Una sagoma enorme e scura, nera come carbone, sbucò ratta da dietro una stretta strada che era più uno spacco di terra battuta tra case ammassate, che una via. L’auto frenò di schianto. Le ruote stridettero, l’asfalto ragliò e gli occhi di Igor si spalancarono come fari azzurri, illuminando l’ombra gigantesca che gli era piombata addosso.
Padre Alberto si strinse al sedile di fronte a lui e cacciò un urlo acuto e femmineo.
Matteo vedendo proprio di fronte al suo lato il corpo enorme di una bestia nera, iniziò a sfogare tutto lo shock subito imprecando. Così imprecò a Dio e alla Madonna, in tutti i modi che conosceva, con una voce forte e gonfia. Il viso gli si colorò di rosso e le labbra gli si stesero come cuoio al sole.
La macchina si fermò e i tre s’accorsero che di fronte a loro si era arrestato un maestoso cavallo nero, privo di cavaliere. La sella, scura anch’essa, era stretta al corpo dell’animale ma il fante doveva essere caduto da qualche parte e il cavallo fuggito. Fermo in mezzo al piccolo incrocio, respirava pesantemente ed emetteva vapore bianco e denso dalle narici che si aprivano tutte.
Igor non disse niente, scese dall’auto e si sedette sul marciapiede ai lati della strada. Il prete non si mosse, non disse nulla, rimanendo immobile pari a una statua di sale.
Matteo invece fissava il cavallo negli occhi iniettati di sangue vivo e neri come il manto.

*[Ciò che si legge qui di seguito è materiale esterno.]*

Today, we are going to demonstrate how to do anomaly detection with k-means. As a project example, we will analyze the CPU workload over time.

Il cavallo a sua volta lo fissava.
Arrivò di corsa un uomo, il fante, il quale disse qualcosa imbarazzato, delle scuse, temporeggiando e cercando di rimontare in groppa all’animale per allontanarsi.

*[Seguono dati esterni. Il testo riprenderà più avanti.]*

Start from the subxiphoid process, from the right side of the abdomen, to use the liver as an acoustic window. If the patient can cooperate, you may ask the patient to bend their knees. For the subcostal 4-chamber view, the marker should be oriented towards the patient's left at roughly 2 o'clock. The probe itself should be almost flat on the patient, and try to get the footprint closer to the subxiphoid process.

I due ragazzi non capirono una parola dell’uomo che, in pochi secondi, si lanciò sul cavallo al galoppo.
Igor risalì in auto, scambiò qualche sguardo muto con Matteo e ripartì.
Dopo poche centinaia di metri, Matteo sentì la collera per lo spavento subìto scalargli la mente e in breve esplose in un boccheggiare di imprecazioni.

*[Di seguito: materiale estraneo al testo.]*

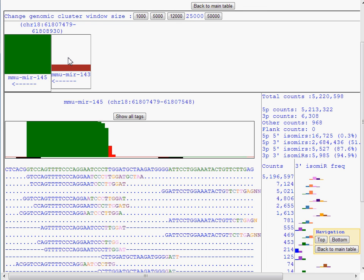The height of the bars represent relative expression level, so in this example Me145 is more abundant than Me143. The arrows indicate the transcription direction, so it is possible these two microRNAs are derived from a polycystronic primary transcript.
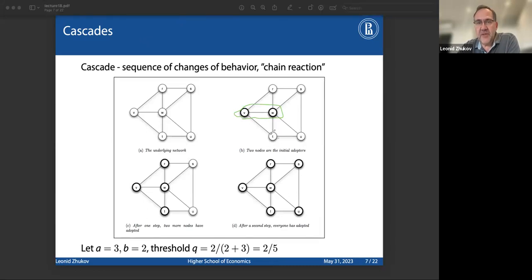Switching gears a little bit and going into more math — two models have been proposed for influence propagation. Here we can talk about adoption of innovation or influence response. One is called the independent cascade model, and the other is called the linear threshold model or critical mass model. What we talked about earlier is really this critical mass model.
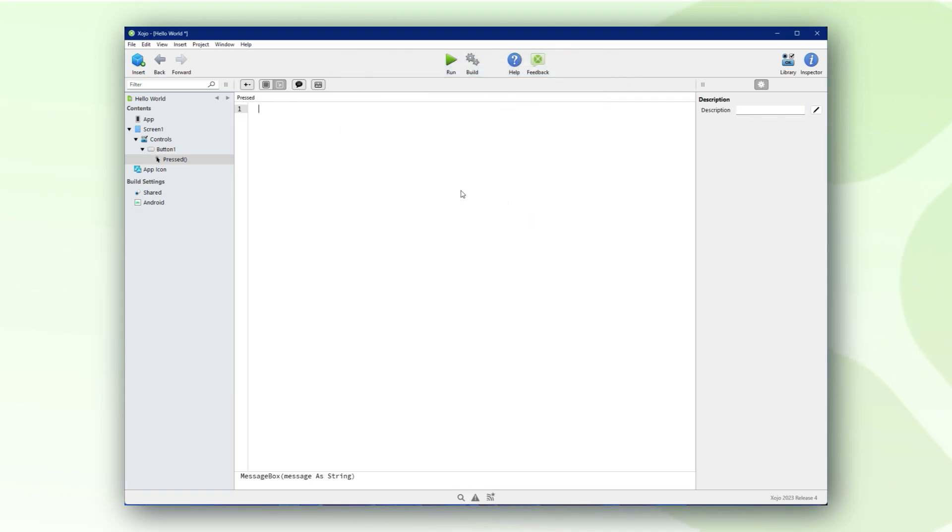In the code editor let's add the magic code that will display the hello world message to our users when they press the button. The code is message box hello world.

Padre Alberto si scosse un attimo. Sentendo le bestemmie terribili e inumane del ragazzo si staccò dal sedile e si allontanò nell’angolo più distante in cui poteva posizionarsi.
Ma le bestemmie di Matteo non si placavano e ora colpivano anche Cristo e i Santi, cosicché il povero prete si sentì soffocare, si portò le mani alle orecchie e tentò di coprire ogni suono con la sua voce, sempre più forte, per non sentire.
Il delirio si evolveva in un crescendo e le imprecazioni si udivano nitide al di fuori dell’auto.
Igor tentò allora di fare in fretta per giungere il prima possibile di fronte alla Chiesa ed evitare che il sacerdote si vedesse ancora a lungo costretto in quella situazione.
Intanto la gente iniziava a uscire dalle case e tutti sentendo le urla e le bestemmie provenire dall’auto che sfilava, si voltavano, sorpresi, per guardare.
Igor, tentando di raffreddare la crisi di nervi dell’amico scioccato, abbassò i finestrini. Le urla adesso si sentivano chiaramente anche a decine di metri. Matteo non si fermava.
Il prete con le mani ai capelli e le vene del collo gonfie gridò: «No! No! Così sentiranno tutti! No!» e si disperava con gli occhi lucidi. Poi, vedendo che ogni volta che tentava di rialzare i vetri non ci riusciva, si gettava immensamente frustrato sul sedile e si torceva mordendo la stoffa dello schienale.
«Basta! In tutti questi anni mai…! Mai!» gridava.
Un furgone rimase incastrato in una via stretta e l’auto dovette fermarsi. La gente, sentendo le urla, si avvicinava alla macchina e riconosceva il prete, meravigliandosi di vederlo in compagnia di un ragazzo che bestemmiava gridando a squarciagola, rosso in viso come fosse indemoniato.
«No! No! Non è come sembra! No!», gridava disperato Padre Alberto che dal sedile posteriore non poteva neanche scendere.
Lo riconobbero in tanti, poi l’auto ripartì. Finalmente.
Dopo pochi minuti giunse di fronte alla Chiesa. Matteo era svenuto e immobile stava con il capo piegato su una spalla. Igor allora scese dall’auto e abbassò il sedile dal suo lato affinché il prete potesse uscire. Quello uscì, moscio, con gli occhi colmi di lacrime e a testa bassa. Igor non ebbe il coraggio di dire nulla.
Vista la sua Chiesa, il prete le corse incontro piangendo come quel bambino obeso e sottomesso che fu da piccolo.
Igor salì in macchina e si avvicinò all’amico. Lo chiamò e lo scosse per le spalle, preoccupato e spaventato. Matteo allora alzò il capo ridendo e chiese: «Non ti sei divertito?».